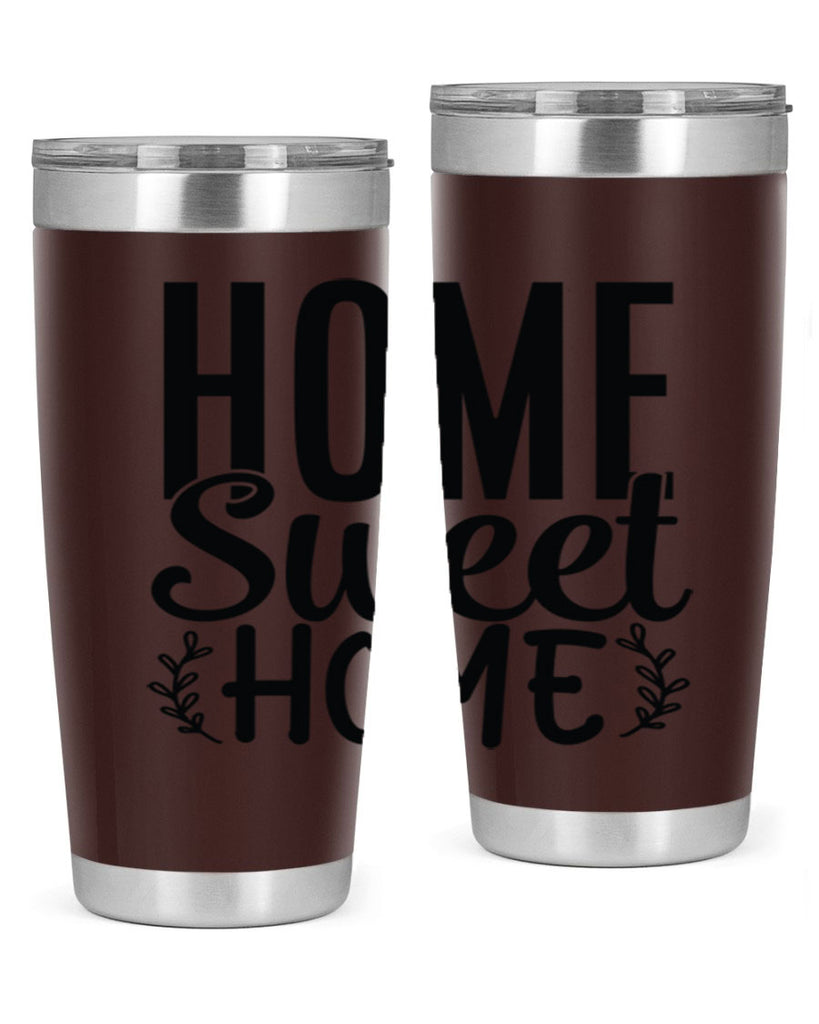 home sweet home 26#- home- Tumbler
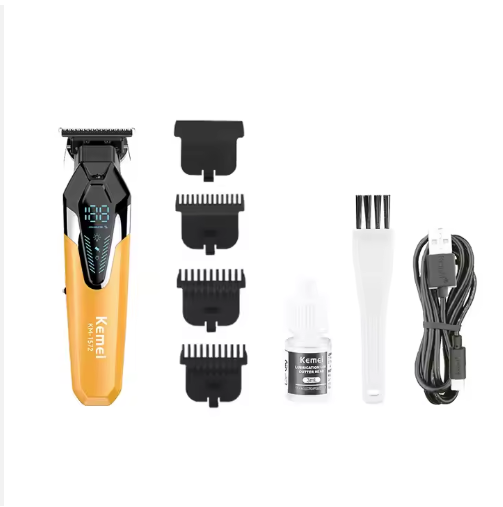 Kemei Κουρευτική μηχανή KM-1572 - Kemei Hair clipper KM-1572 OEM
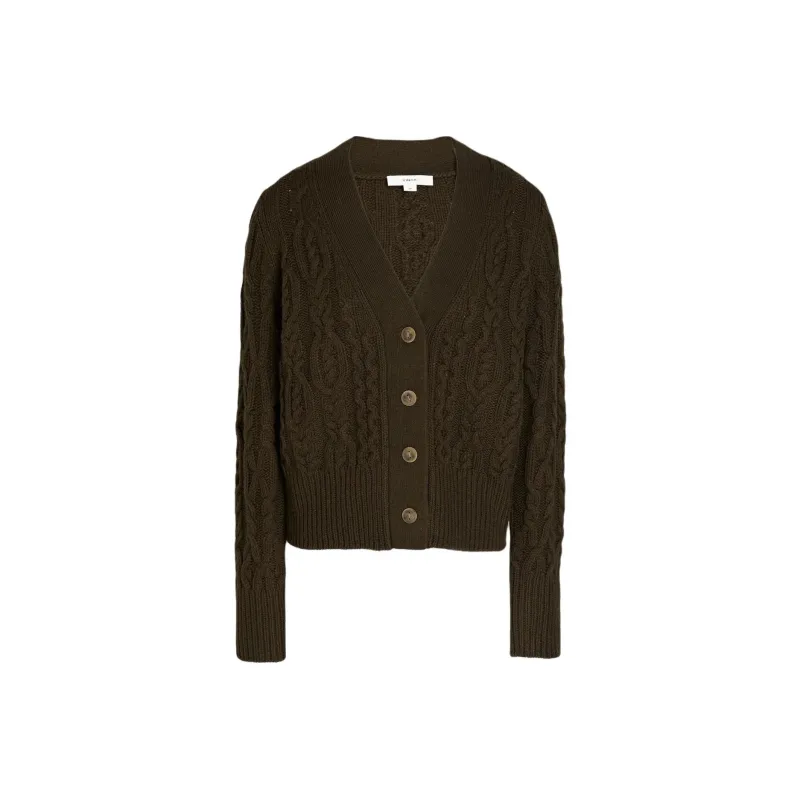 VINCE Sweaters Women's Brown-0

» PROBLEM DETAILS: Quote the data above in full, leaving out the pictures it holds.

» TASK ANSWER:
 home sweet home 26#- home- Tumbler
 Kemei Κουρευτική μηχανή KM-1572 - Kemei Hair clipper KM-1572 OEM
 VINCE Sweaters Women's Brown-0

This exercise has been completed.